→ **WORK INSTRUCTIONS**
Go through the entries below from the first line and output each one exactly, up to and including the line with "Vedant Vastram Tissue".

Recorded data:

☆ ☆ ☆ ☆ ☆ ☆ ☆

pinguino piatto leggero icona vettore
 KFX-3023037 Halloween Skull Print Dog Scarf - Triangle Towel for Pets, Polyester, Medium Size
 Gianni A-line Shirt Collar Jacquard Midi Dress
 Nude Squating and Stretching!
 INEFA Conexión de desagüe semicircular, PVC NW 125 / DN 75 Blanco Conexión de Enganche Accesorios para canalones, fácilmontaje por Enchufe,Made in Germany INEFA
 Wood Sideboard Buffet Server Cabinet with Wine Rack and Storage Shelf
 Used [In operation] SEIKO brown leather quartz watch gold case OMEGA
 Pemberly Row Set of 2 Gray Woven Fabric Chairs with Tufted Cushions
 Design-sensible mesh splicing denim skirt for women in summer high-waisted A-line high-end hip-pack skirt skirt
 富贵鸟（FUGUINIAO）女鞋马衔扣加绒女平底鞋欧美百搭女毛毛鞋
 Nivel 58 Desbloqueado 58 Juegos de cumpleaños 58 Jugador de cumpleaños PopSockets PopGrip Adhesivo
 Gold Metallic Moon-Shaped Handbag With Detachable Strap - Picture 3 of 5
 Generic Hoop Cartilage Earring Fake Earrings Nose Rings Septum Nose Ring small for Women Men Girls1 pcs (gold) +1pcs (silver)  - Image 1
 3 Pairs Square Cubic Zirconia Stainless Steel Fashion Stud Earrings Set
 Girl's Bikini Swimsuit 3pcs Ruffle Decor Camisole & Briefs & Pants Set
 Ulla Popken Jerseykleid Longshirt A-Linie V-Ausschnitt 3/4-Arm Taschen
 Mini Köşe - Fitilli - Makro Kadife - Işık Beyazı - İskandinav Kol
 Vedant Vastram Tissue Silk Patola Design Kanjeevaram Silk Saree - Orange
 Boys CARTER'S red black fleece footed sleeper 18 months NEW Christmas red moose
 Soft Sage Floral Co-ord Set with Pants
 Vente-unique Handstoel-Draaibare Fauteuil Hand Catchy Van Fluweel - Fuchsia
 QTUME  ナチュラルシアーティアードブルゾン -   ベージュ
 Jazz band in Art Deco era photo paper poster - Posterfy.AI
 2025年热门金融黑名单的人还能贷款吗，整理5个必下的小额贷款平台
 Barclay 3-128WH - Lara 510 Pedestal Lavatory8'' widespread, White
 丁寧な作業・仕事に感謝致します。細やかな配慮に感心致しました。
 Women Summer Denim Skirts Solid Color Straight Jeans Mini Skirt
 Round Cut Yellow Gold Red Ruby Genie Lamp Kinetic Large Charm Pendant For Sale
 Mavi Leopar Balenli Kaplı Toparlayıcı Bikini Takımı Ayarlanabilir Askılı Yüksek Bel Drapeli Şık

☆ ☆ ☆ ☆ ☆ ☆ ☆

→ **FINISHED TASK**
pinguino piatto leggero icona vettore
 KFX-3023037 Halloween Skull Print Dog Scarf - Triangle Towel for Pets, Polyester, Medium Size
 Gianni A-line Shirt Collar Jacquard Midi Dress
 Nude Squating and Stretching!
 INEFA Conexión de desagüe semicircular, PVC NW 125 / DN 75 Blanco Conexión de Enganche Accesorios para canalones, fácilmontaje por Enchufe,Made in Germany INEFA
 Wood Sideboard Buffet Server Cabinet with Wine Rack and Storage Shelf
 Used [In operation] SEIKO brown leather quartz watch gold case OMEGA
 Pemberly Row Set of 2 Gray Woven Fabric Chairs with Tufted Cushions
 Design-sensible mesh splicing denim skirt for women in summer high-waisted A-line high-end hip-pack skirt skirt
 富贵鸟（FUGUINIAO）女鞋马衔扣加绒女平底鞋欧美百搭女毛毛鞋
 Nivel 58 Desbloqueado 58 Juegos de cumpleaños 58 Jugador de cumpleaños PopSockets PopGrip Adhesivo
 Gold Metallic Moon-Shaped Handbag With Detachable Strap - Picture 3 of 5
 Generic Hoop Cartilage Earring Fake Earrings Nose Rings Septum Nose Ring small for Women Men Girls1 pcs (gold) +1pcs (silver)  - Image 1
 3 Pairs Square Cubic Zirconia Stainless Steel Fashion Stud Earrings Set
 Girl's Bikini Swimsuit 3pcs Ruffle Decor Camisole & Briefs & Pants Set
 Ulla Popken Jerseykleid Longshirt A-Linie V-Ausschnitt 3/4-Arm Taschen
 Mini Köşe - Fitilli - Makro Kadife - Işık Beyazı - İskandinav Kol
 Vedant Vastram Tissue Silk Patola Design Kanjeevaram Silk Saree - Orange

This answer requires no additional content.